__Task objective__: Please give back, word for word, only the lines starting at the one containing "Transparentes Fliegengitter Netz" and ending at the one containing "Cable Protector for" within the material below.

__Supplied data__:
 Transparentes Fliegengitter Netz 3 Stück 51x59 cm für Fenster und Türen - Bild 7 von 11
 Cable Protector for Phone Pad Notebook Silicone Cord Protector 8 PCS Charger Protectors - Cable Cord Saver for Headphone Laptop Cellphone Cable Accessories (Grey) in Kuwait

---

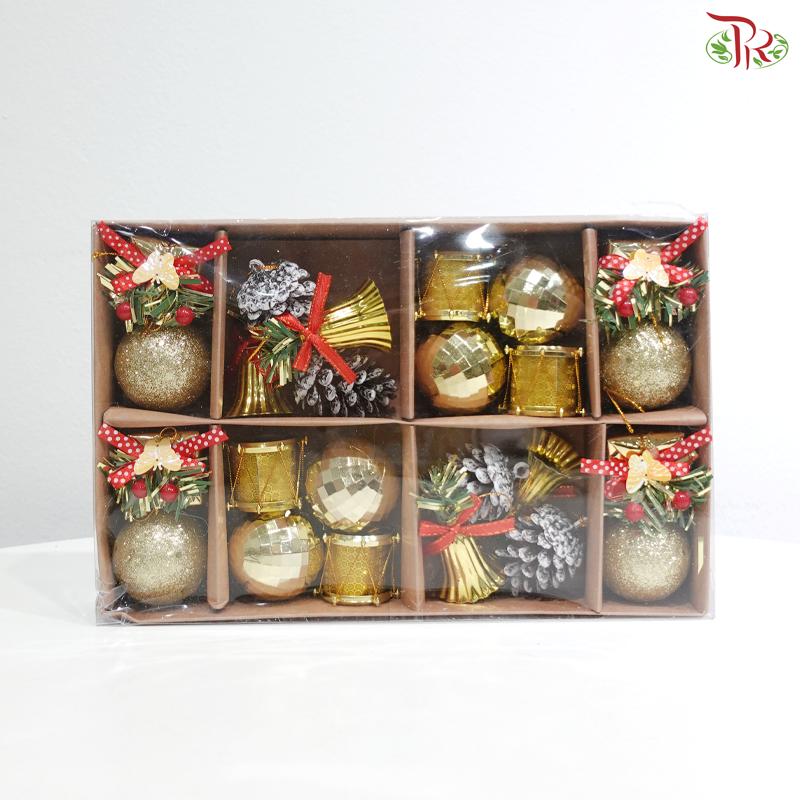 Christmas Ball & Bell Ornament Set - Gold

---

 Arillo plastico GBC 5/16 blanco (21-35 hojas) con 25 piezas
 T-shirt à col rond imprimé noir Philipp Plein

__Task solution__:
 Transparentes Fliegengitter Netz 3 Stück 51x59 cm für Fenster und Türen - Bild 7 von 11
 Cable Protector for Phone Pad Notebook Silicone Cord Protector 8 PCS Charger Protectors - Cable Cord Saver for Headphone Laptop Cellphone Cable Accessories (Grey) in Kuwait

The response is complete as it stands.